Maui is trying to make it more expensive to visit as Hawaii continue to be slammed with visitors

  • Maui, Hawaii visitors could soon be hit with higher taxes as officials rush to impose a new tax rate.

  • Hawaii counties can now implement a 3% tax increase on hotels and rentals on top of the existing 10%.

  • Counties are allowed to keep the 3% for their own use while the 10% goes back to the state.

  • See more stories on Insider's business page.

Tourists traveling to Maui, Hawaii could soon be hit with higher taxes, the Associated Press reported.

On July 6, lawmakers in the state overrode Hawaii Gov. David Ige's veto of a bill that allows counties to implement their own 3% increase to the "transient accommodations tax," which targets short-term rentals like hotels. The bill also included changes to the funding of the Hawaii Tourism Authority.

Now, officials in Maui are working to implement this tax change "as soon as [they] can," Alice Lee, Maui County's council chair, told Hawaii News Now's Chelsea Davis.

tourists standing in the water and on the sand at the Hilton Hawaiian Village Lagoon in Waikiki, Hawaii
Tourists at the Hilton Hawaiian Village Lagoon in Waikiki, Hawaii in 2018. Kat Wade/Getty Images

Before this, Hawaii had a 10% hotel tax rate, and the state then dolled this money out to every county.
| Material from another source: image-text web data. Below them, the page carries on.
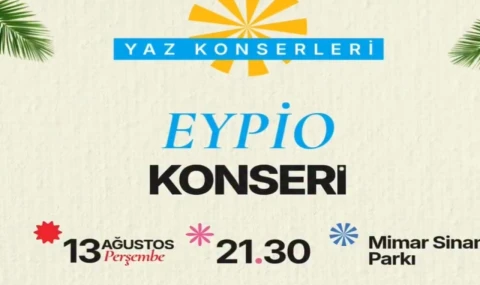 Başkan Çerçioğlu Öncülüğünde Yaz Konserleri Sürüyor: Eypio Aydınlılarla Buluşacak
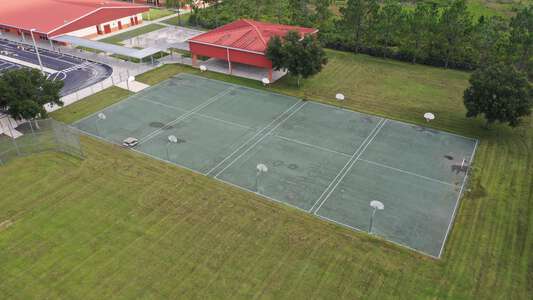 New River Elementary School Outdoor Basketball Courts in Wesley Chapel
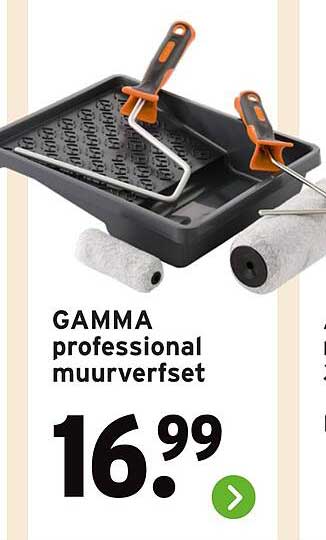 GAMMA professional muursverfset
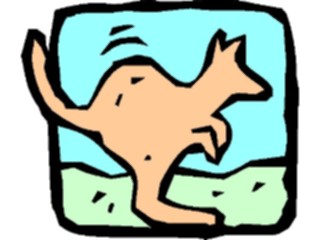 Sticker Custom Preview Image #020527 Animals Cartoons Kangaroo3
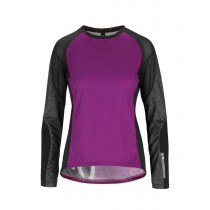 Assos trail lady cycling jersey long sleeves cactus purple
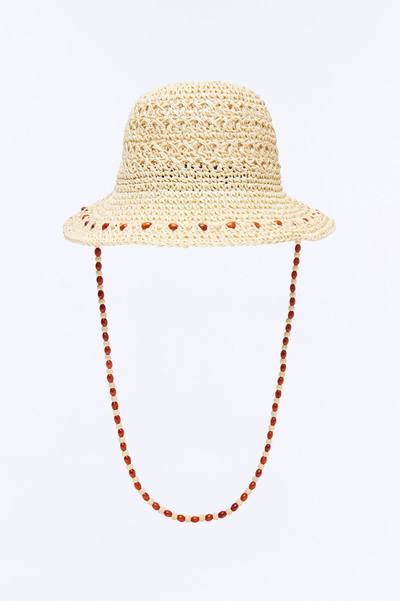 One Day At A Time Straw Bucket Hat - Ivory
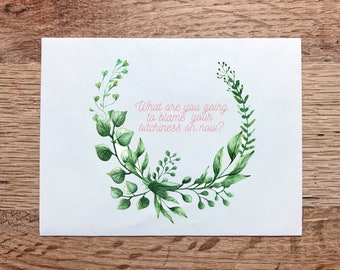 Funny Hysterectomy Get Well Greeting Card | Humor Sarcastic | Uterus Removal Surgery Hospital
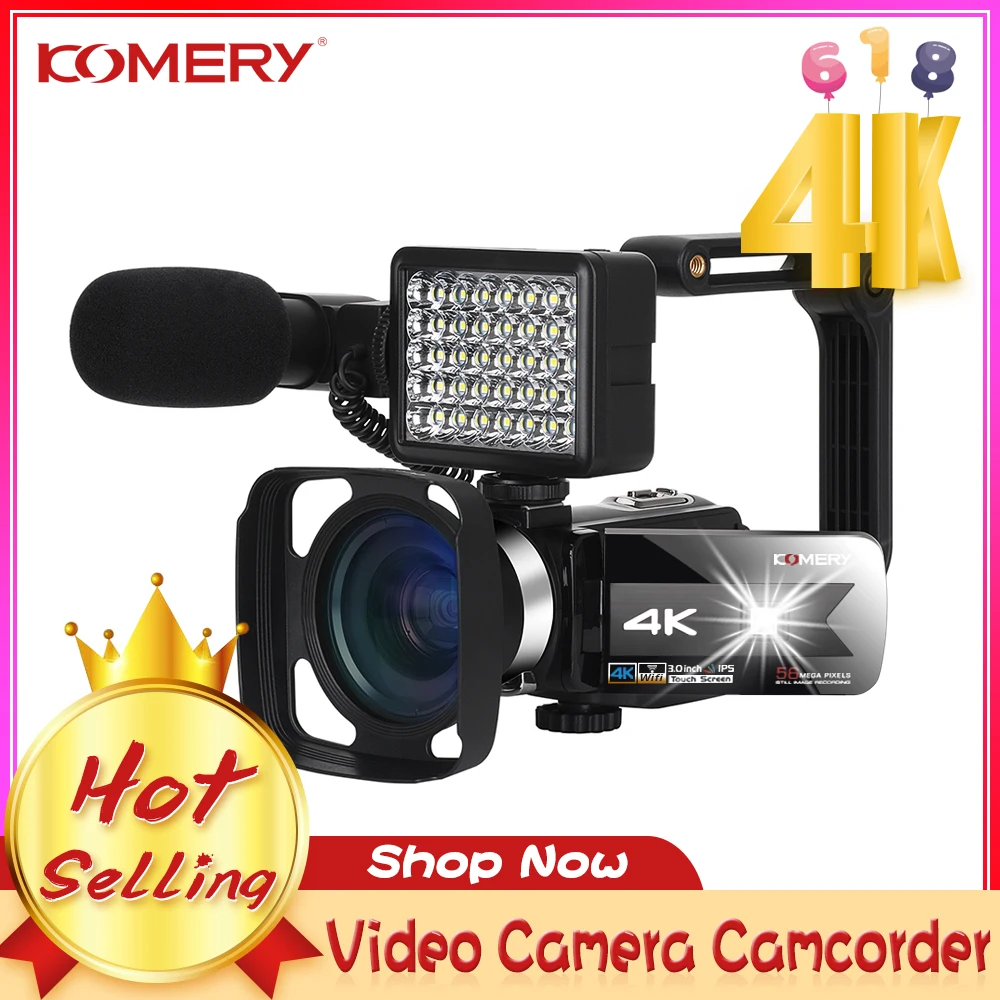 KOMERY 2021 Лидер продаж на тонкоплёночных транзисторах 4K Wi Fi Ночное видение 56MP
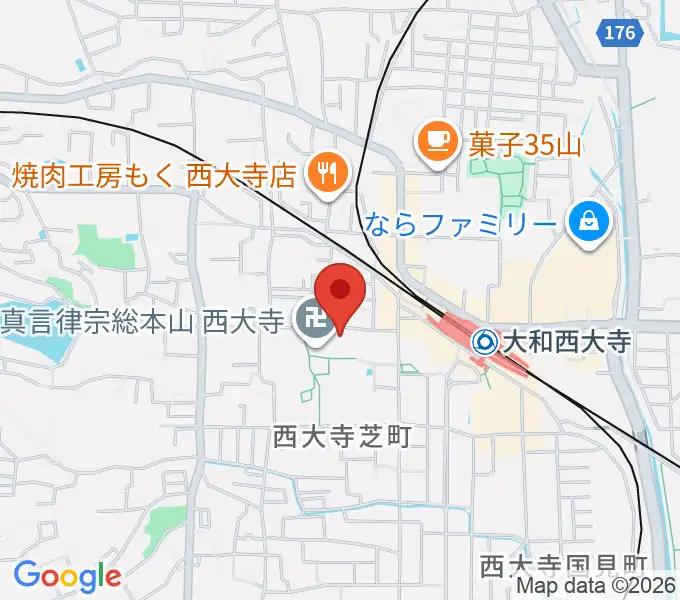 西大寺聚宝館の地図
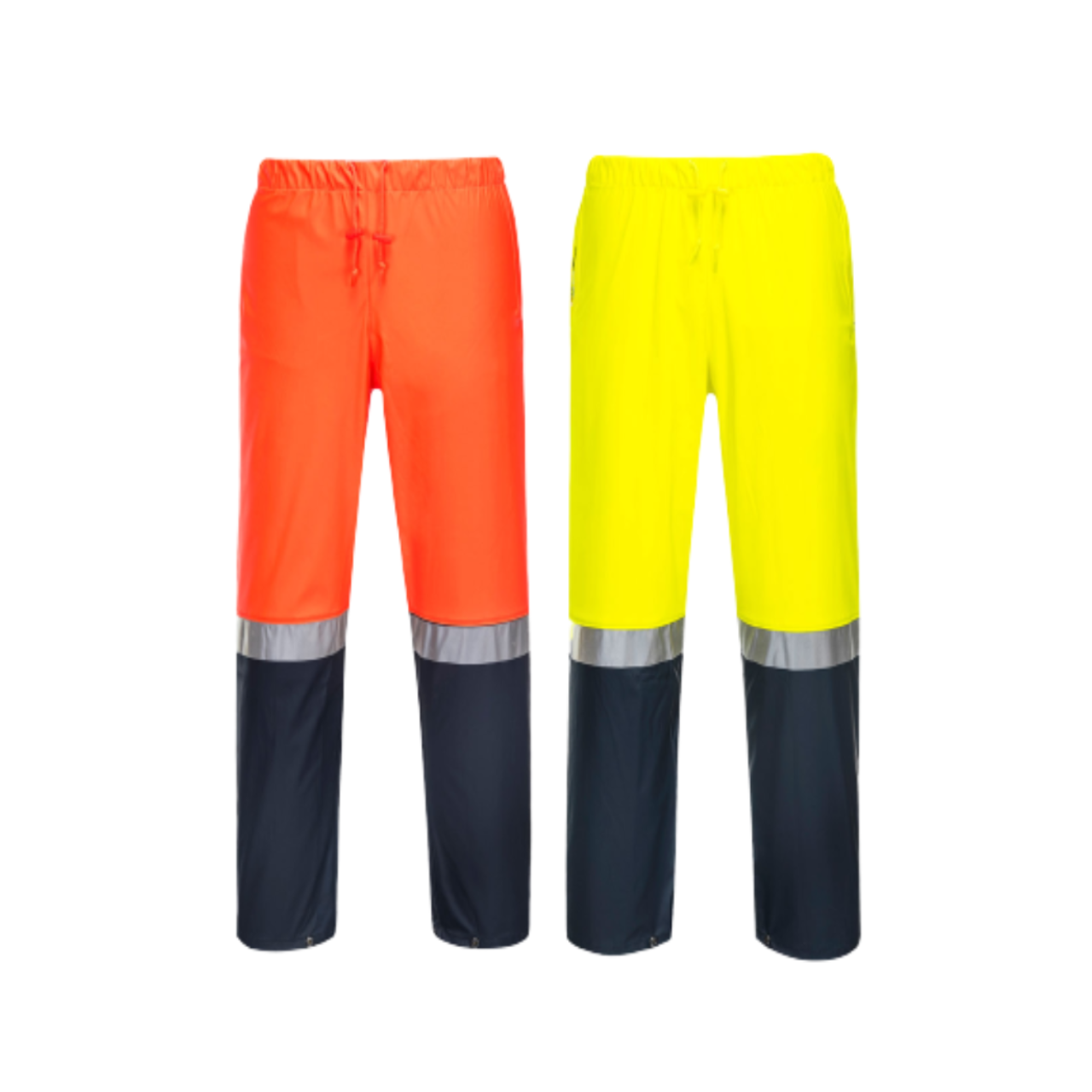 Portwest Mens Huski Farmers Hi-Vis Pants Reflective Work Safety Tapped K8101-KarWorkwear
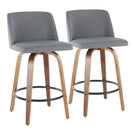 Toriano - Mid Century Modern, Counter Stool (Set of 2) - Furniture Home Direct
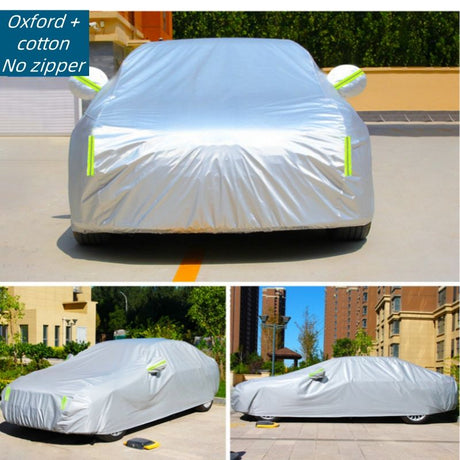 High Quality Universal Grey Car Cover with Fleece Lining & Reflective Sides Waterproof, Scratch & Heat Resistant Size XXL (Vanguard, X-Trail)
However, Oahu, Hawaii typically received most of the funds due to its bigger population size, even though Maui receives more tourists per capita.

"Maui is just overrun with tourists," Sylvia Luke, a state representative, told Hawaii News Now.

But now, counties can set and keep their own additional 3% tax increase on top of the existing 10%, which will still go back to the state.

This move could almost triple Maui's revenue, according to Lee. However, some tourists say this new law is "taking advantage" of visitors, especially as Hawaii is being slammed with summer vacationers again.

Brian Perry, a spokesman for Maui County mayor Michael Victorino, previously told Hawaii News Now's Rick Daysog that the county has "lacked sufficient time to prepare for the sudden, large influx of tourism, even as health restrictions remain in place."